人民網日本語版 2021年11月01日16:10

2017年、シェア自転車をこいでチョモランマのベースキャンプまで行った人がいるというのが話題になった。それから4年経った最近、シェア自転車とエベレストの縁が再びつながった。人民網が報じた。

都市部で走行距離が1萬キロ以上になり廃棄されることになったシェア自転車のタイヤ約2000本がリサイクルされ、環境にやさしい舗裝材となってバスケットボールコートに利用され、新しい使命を負うようになっている。

公益環境保護プロジェクト「シェア自転車がバスケットコートに変身」の一環として、チョモランマの麓にある標高が4300メートル以上ある定日(ティンリ)県中心小學校に設置されたバスケットコートは、同プロジェクトで中國全土に設置された18番目のバスケットコートとなる。

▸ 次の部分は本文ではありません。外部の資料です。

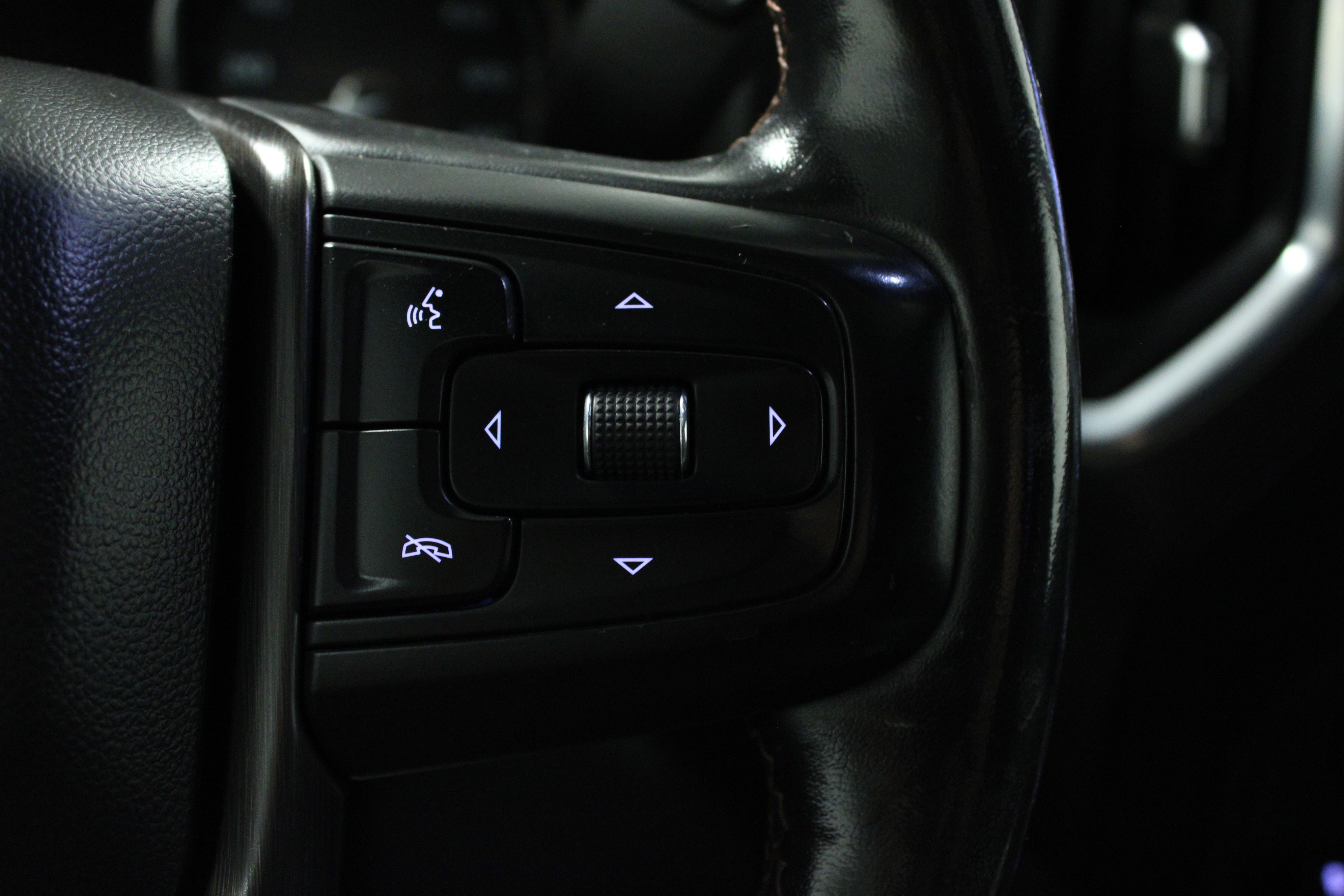 Used 2021 GMC Sierra 1500 AT4 w/ AT4 Premium Package image 21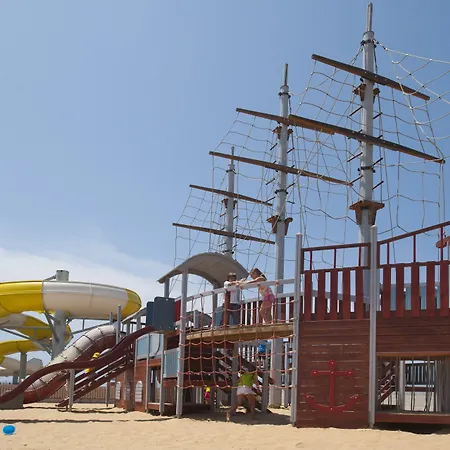 Louis Phaethon Resort Geroskipou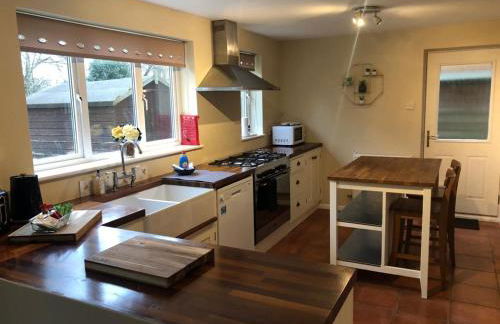 Waller House - Foto 20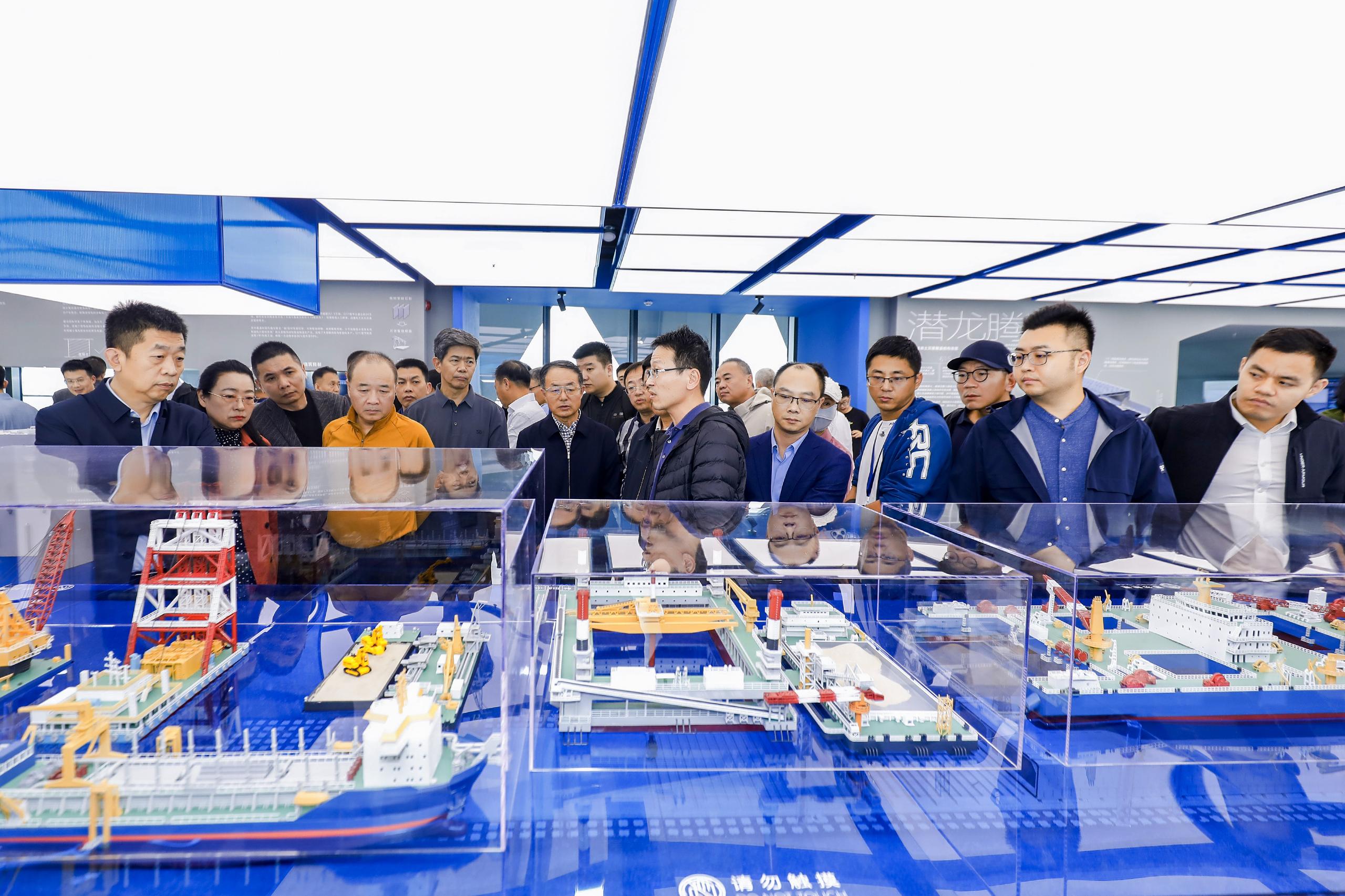 新质交通·数智转型微柏软件亮相中国公路学会2024学术年会(图3)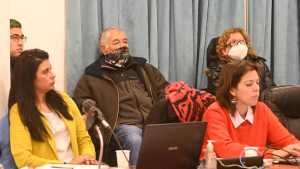 Crimen de Rincón: «Arrodillate, te tengo que matar»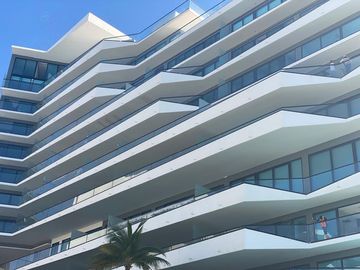 Departamento - Bahía de Banderas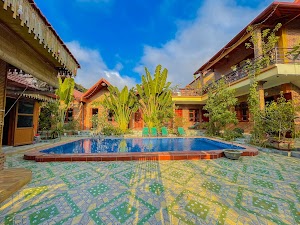 Cosiana Homestay & Restaurant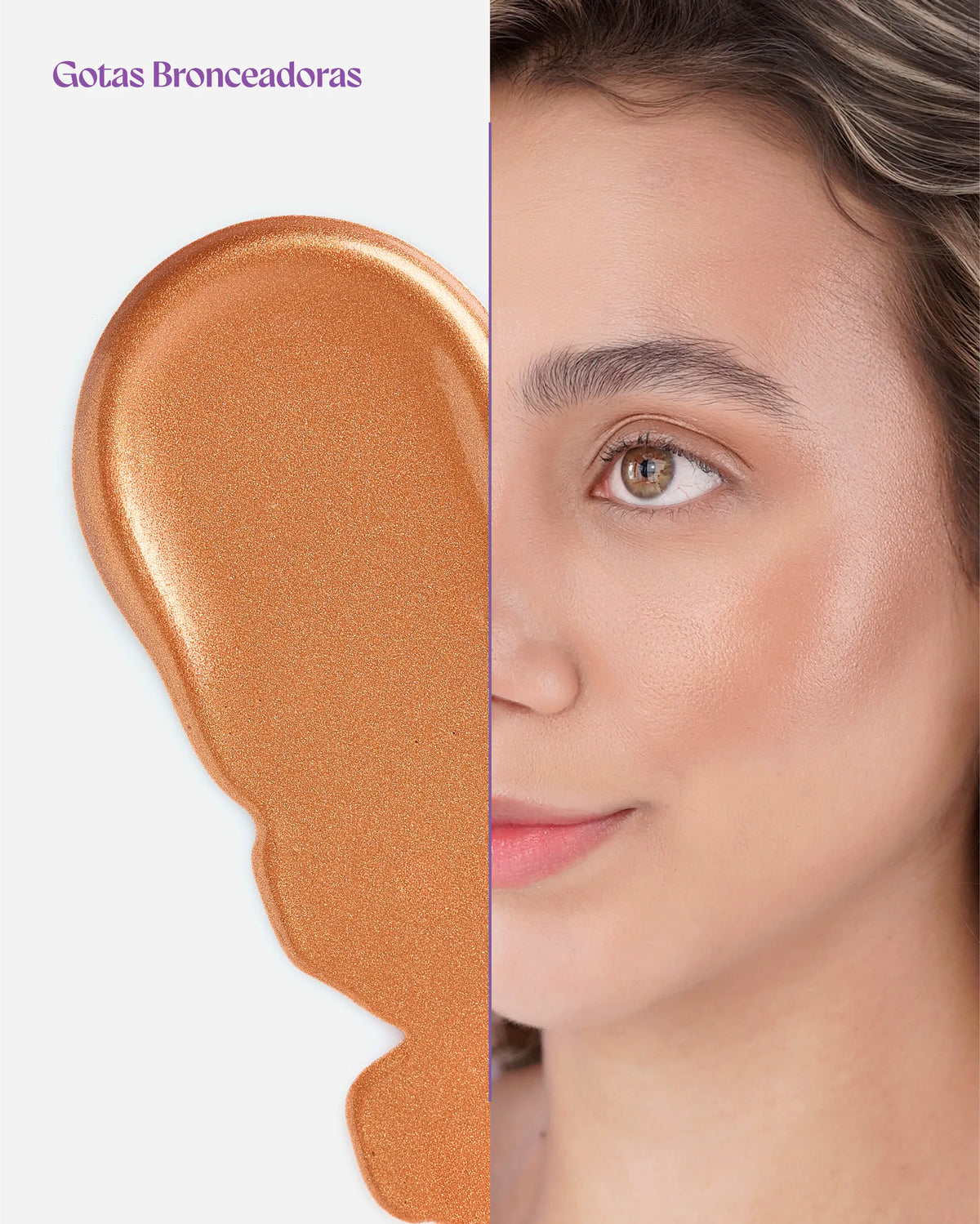BRONZER ALICIA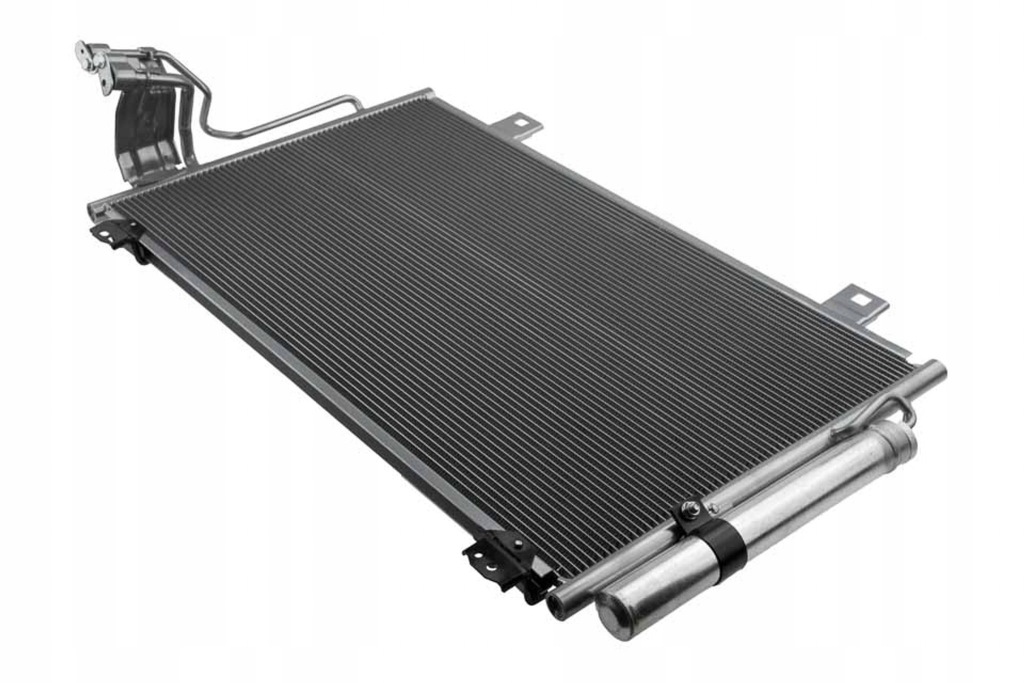 фото №1, Nty конденсатор кондиціонера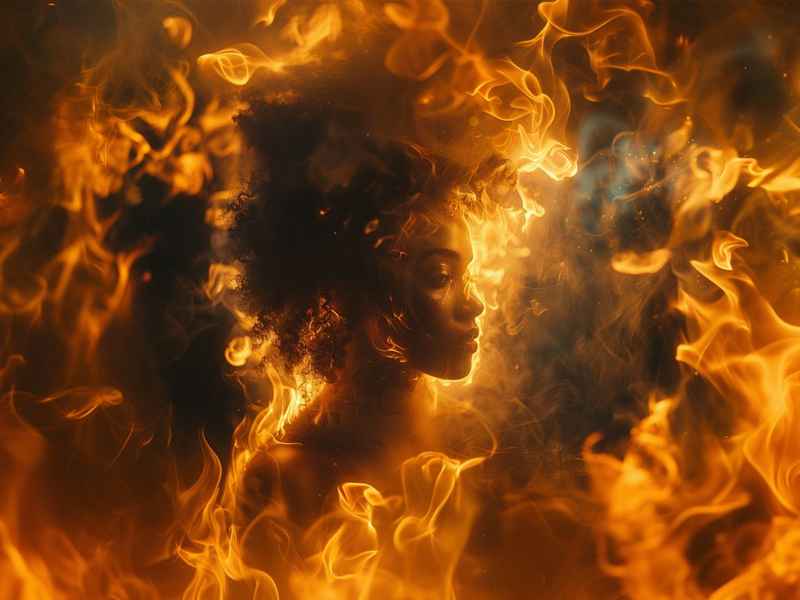 人类没有火的生活、没有火人类的生活是怎样的 人类没有火的生活、没有火人类的生活是怎样的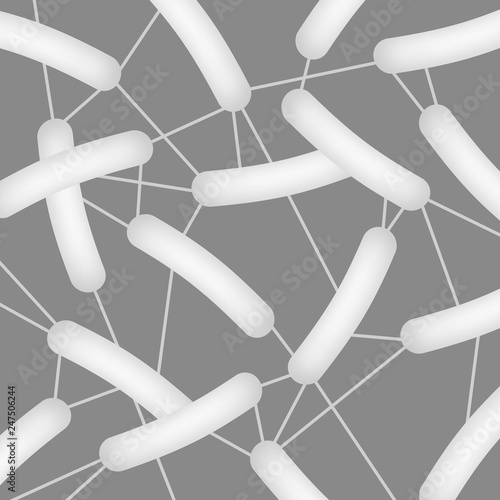 大腸菌o 157 Stock イラスト Adobe Stock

上空から見た「シェア自転車」が描かれたティンリ県中心小學校のバスケットコート。

チョモランマの麓にある小學校

西蔵(チベット)自治區日喀則(シガツェ)市の南西部に位置するティンリ県は平均標高が5000メートルで、県政府所在地の協格爾(シェーカル)鎮の標高は4300メートル以上だ。拉薩(ラサ)市からは約500キロ離れており、車で8時間以上かかる。

朝日を浴びて金色に輝くチョモランマの絶景。

標高の高い地域では、低酸素だけでなく、強い紫外線や乾燥した空気も試練となる。ティンリ県の太陽放射量は北京の約2倍だ。つまり、夕方でも肌が痛くなるほど日差しが強いということになる。

県政府所在地のシェーカル鎮は、小さな盆地で山に囲まれ、青空が広がり、低い位置に雲がわいている。最も賑やかな場所には、2階建ての店が並び、車で10分もあれば鎮全體を1周できる。

ティンリ県熱拉木村の田畑を歩く女性2人。

ティンリ県中心小學校の巴頓?副校長によると、同校には生徒749人が就學しており、シェーカル鎮內にある自宅から通う學生が6割。周辺の村に自宅がある學生は寮に住み、毎週金曜日になると、保護者が車や電動自転車で迎えに來るという。

ティンリ県熱拉木村の近くで羊を放牧する牧畜民。

2018年、中國政府の各種政策的サポートを受け、新しく建設された小學校に移転した。同校には校舎や教師?學生の寮、食堂、洗濯室、バスケットコート、人工芝のサッカーコートなどが完備されている。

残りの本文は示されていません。